171.投げる(不二佐)
「ごめんって言ってるじゃない。ね?機嫌直してよ」
 保健室ベッドにうつ伏せに寝そべっている彼の上に乗ると、その耳元に唇を寄せた。
「ごめんってば」
 耳が弱いのを知ってるから。わざと息を吹きかけるようにして言う。少し肩を竦めるような仕草に、僕は微笑った。
「……不二」
「許してくれる?」
「全ッ然、反省してないだろ。あー、格好悪ぃ」
「そんなことないよ。反省してるって」
「嘘吐くなっ」
 勢いをつけて裏返ると、彼はそのまま僕を組み敷いてきた。優位に立ったとでもいいたげな眼が、僕を見下ろす。
「反省して無いだろ?」
「してるよ。だから抵抗しないんじゃない」
「嘘だ。その顔は、絶対反省してないな。いい気味だとか思ってるんじゃないのか?」
「思ってないって」
「本当のこと言わないと、このままキスするぜ?」
「息が出来なくなるのは、佐伯の方だよ?」
 言うと、僕は彼の頬を掴み、長めのキスをした。いつもなら何ともないのに、案の定、彼がもう止めろと僕の手を叩いてくる。
「はぁっ…はっ…」
 唇を離し、頭を枕に沈める。見上げると、彼は真っ赤な顔で荒い呼吸をしていた。
「やっぱり、不二。反省してないだろ」
「してるよ。さっきのは、ごめんなさいのキス」
 ふふ、と微笑い、彼の鼻に手を伸ばす。
「そろそろ、止まったんじゃない?」
「……ちょっと、待ってろ」
 僕の言葉に、彼はベッドから降りると背を向けてしゃがみ込んだ。止まったかも、と呟く。
 今、外では体育のソフトボールの試合が続いている。僕たちのチームは二人抜けたから、きっと、敵チームの誰かがひとり、チームに入ってくれてると思う。勝つかな。勝てば、3連勝なんだけど。

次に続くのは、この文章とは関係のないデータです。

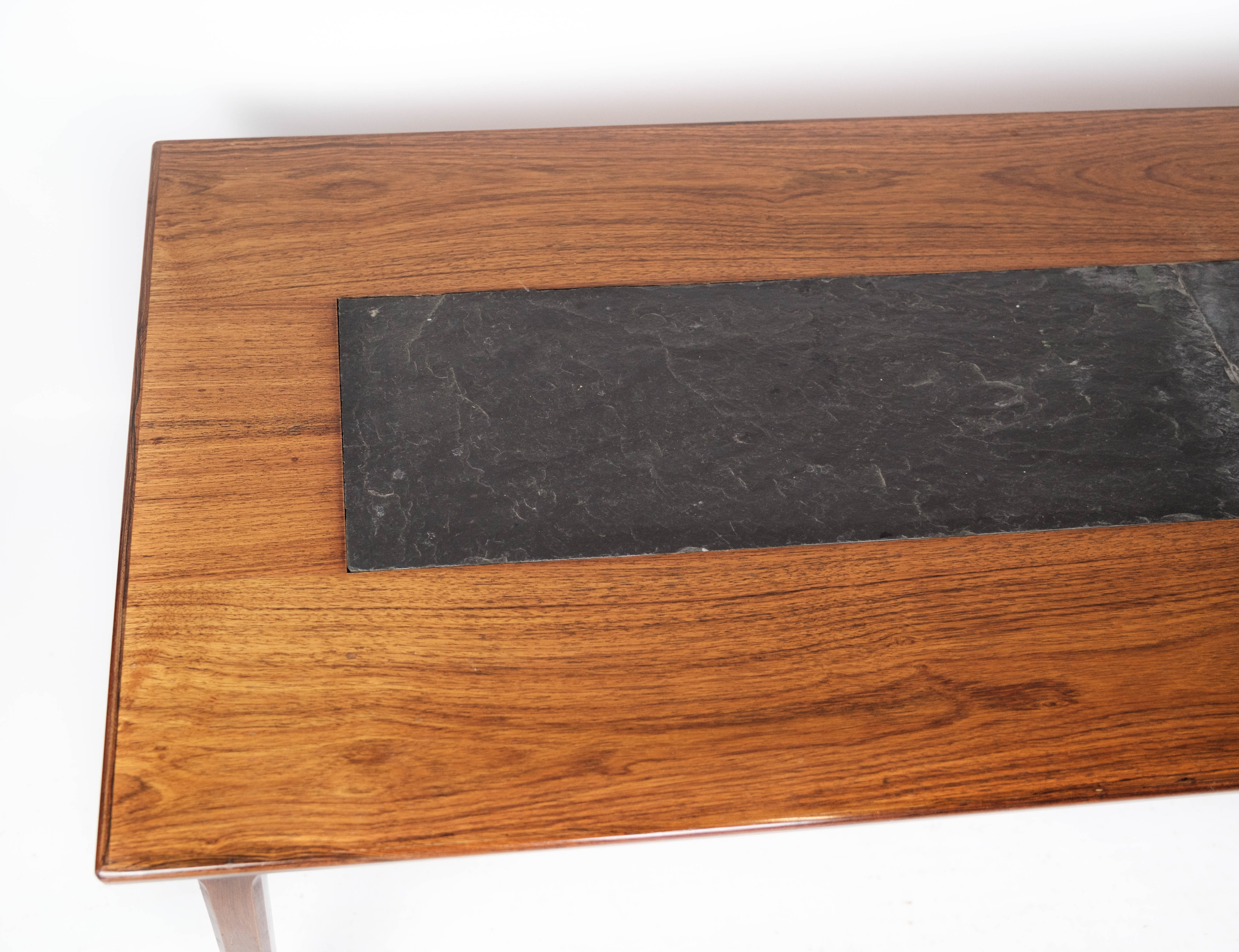 Coffee table in rosewood and black slate of Danish design, 1960s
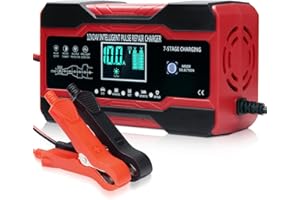 BRYZE 10-Amp Car Battery Charger, 12V/24V Smart Fully Automatic Battery Maintainer Charger with 7-Stage Charging and LCD Screen, Pulse Repair for Lead Acid, AGM, GEL, SLA, WET Batteries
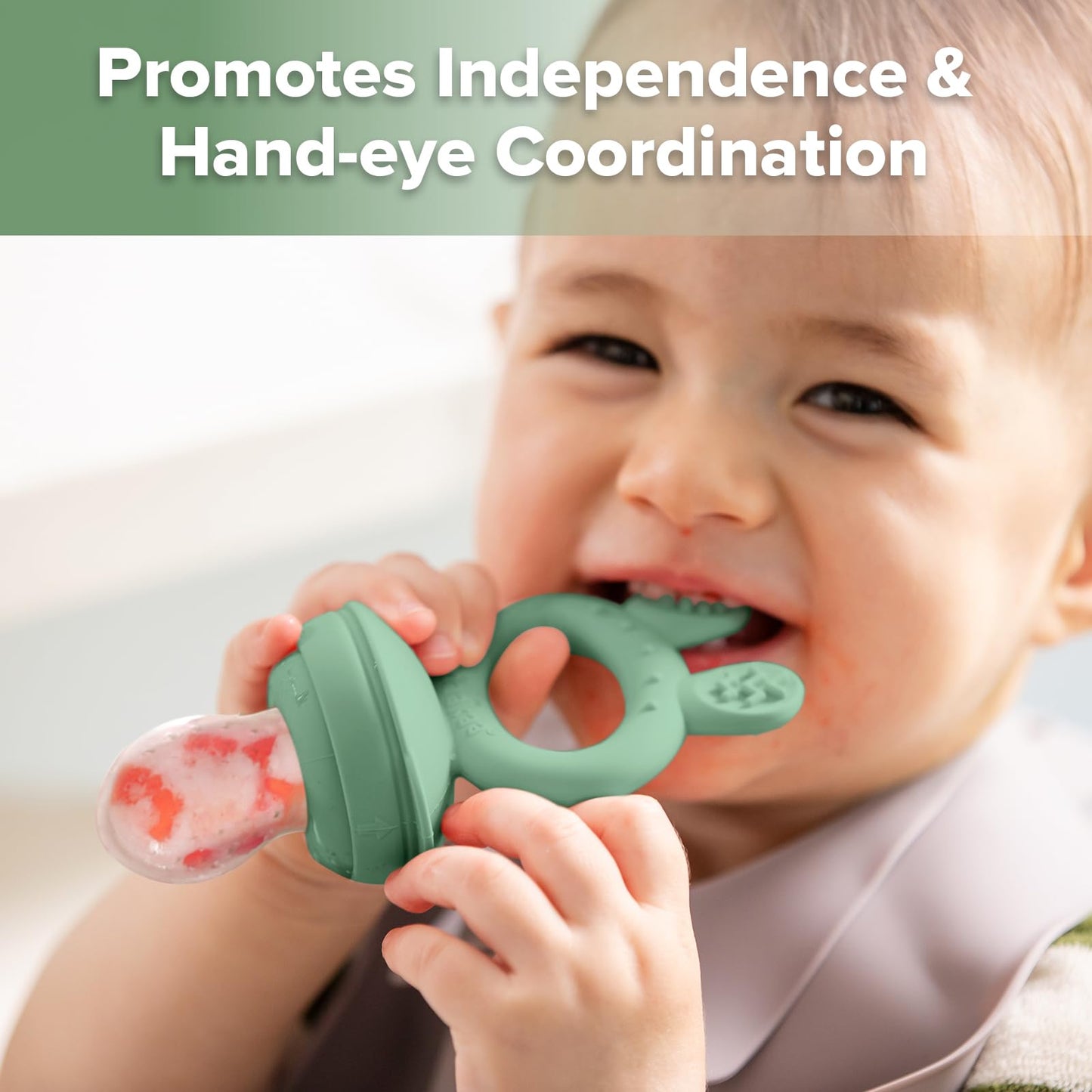 Haakaa Baby Fruit Food Feeder & Silicone Freezer Nibble Tray Combo - Breastmilk Popsicle Mold for Baby Cooling Relief, BPA Free Baby Mesh Food Feeder for Infant Self Feeding - Pea Green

 試合が始まる前のキャッチボールで。僕たちはフライを取る練習だとか言って、空高くボールを投げ合っていた。それもいつもやってるから大丈夫だと思ったんだけど。偶然、彼の目に直射日光が当たり、そして受け取れなかったボールは鼻に激突。骨は折れなかったものの、鼻血が出た。それで僕たちは今、こうして保健室にいる。本当なら授業に戻っても良いんだけど。保健医も居ないことだしと、結局授業をサボることにした。
「試合、気になる?」
「んー。少しね」
 振り返った彼は、もう鼻に詰め物をしていなかった。ベッドに上がり、僕の上に寝転ぶ。
「じゃあ、戻るかい?俺の鼻血も止まったことだし」
「そうだよね。このまま何の活躍も出来なければ、佐伯、ファンの子たちに格好がつかないもんね」
「……そうさせたのは誰だよ」
「あはは。ごめんごめん」
 微笑いながら言う僕に、やっぱり反省してないな、と彼は溜息混じりに呟いた。もう一度、ごめん、と言い、キスをする。今度は、彼は止めろと腕を叩いてこなかった。唇を離し、見つめ合う。
「ねぇ、どうする?授業戻る?」
「………不二はどうしたい?」
「僕は別にどっちでも。……佐伯のファンが減るのは、僕としては願ったり叶ったりだからね」
「酷いな、不二は」
 苦笑しながら言う。けれど彼は身体を起こそうとせず、僕の頬を挟むと、息が止まりそうになるくらいに長いキスをした。